> _REQUIREMENT_
Among the records that follow, set down only the lines from the one containing "um quarto com" to the one containing "Glazed gable dining", both included, exactly.

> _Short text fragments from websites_
┏━━

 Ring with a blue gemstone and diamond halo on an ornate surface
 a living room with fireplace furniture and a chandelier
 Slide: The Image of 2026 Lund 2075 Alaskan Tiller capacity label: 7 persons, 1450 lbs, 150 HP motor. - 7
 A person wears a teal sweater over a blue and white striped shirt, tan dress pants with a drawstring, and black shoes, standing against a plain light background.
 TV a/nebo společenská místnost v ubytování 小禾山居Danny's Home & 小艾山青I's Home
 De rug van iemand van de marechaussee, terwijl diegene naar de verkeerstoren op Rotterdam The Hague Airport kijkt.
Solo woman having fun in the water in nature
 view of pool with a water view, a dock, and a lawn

┗━━
┏━━

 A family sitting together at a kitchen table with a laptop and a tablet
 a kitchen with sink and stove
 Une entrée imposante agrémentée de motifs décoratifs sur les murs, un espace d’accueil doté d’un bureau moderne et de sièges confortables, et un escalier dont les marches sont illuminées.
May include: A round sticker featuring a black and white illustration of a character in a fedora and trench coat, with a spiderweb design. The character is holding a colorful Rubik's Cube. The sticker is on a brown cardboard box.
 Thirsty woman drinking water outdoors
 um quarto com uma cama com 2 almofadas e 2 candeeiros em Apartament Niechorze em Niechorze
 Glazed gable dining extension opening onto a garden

┗━━

> _SOLUTION_
 um quarto com uma cama com 2 almofadas e 2 candeeiros em Apartament Niechorze em Niechorze
 Glazed gable dining extension opening onto a garden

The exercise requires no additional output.